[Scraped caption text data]
Start of Block

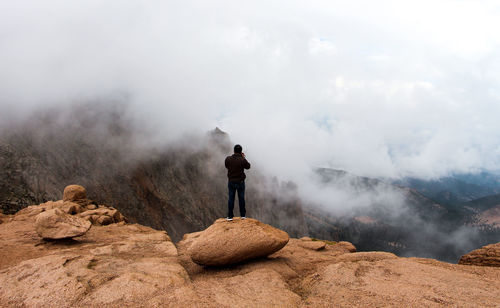 Rear view of man photographing mountain landscape against cloudy sky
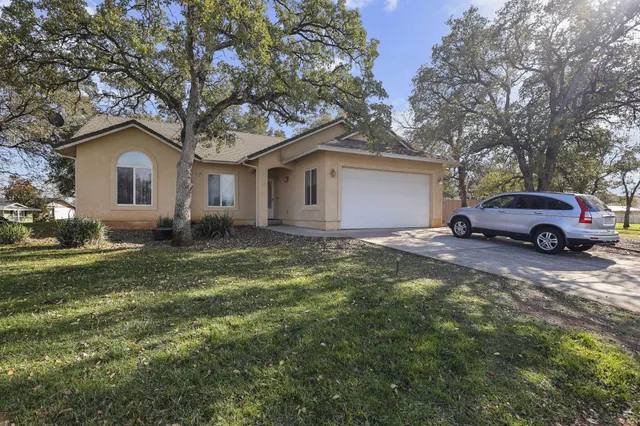 a car parked in front of a house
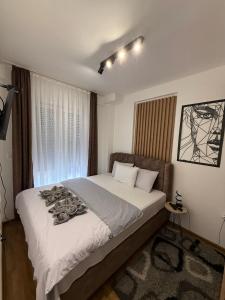 Postel nebo postele na pokoji v ubytování Royal apartmani Vrnjačka Banja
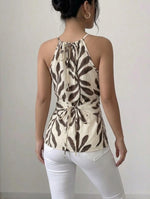 Printed Sleeveless Wrap-style Linen And Cotton Top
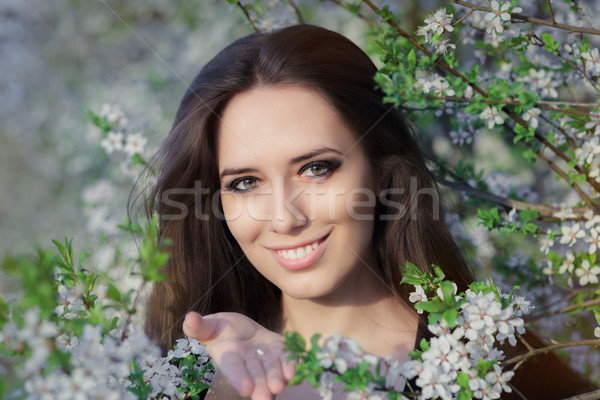 Woman with Allergy Holding Anti Allergic Pills in Spring Blooming Decor Stock photo © NicoletaIonescu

End of Block

■ Task to complete:
An exact copy is needed of the lines running from the one with "Postel nebo postele" through the end of the data above, and of those lines only, without pictures.

■ The completed task:
 Postel nebo postele na pokoji v ubytování Royal apartmani Vrnjačka Banja
 Printed Sleeveless Wrap-style Linen And Cotton Top
 Woman with Allergy Holding Anti Allergic Pills in Spring Blooming Decor Stock photo © NicoletaIonescu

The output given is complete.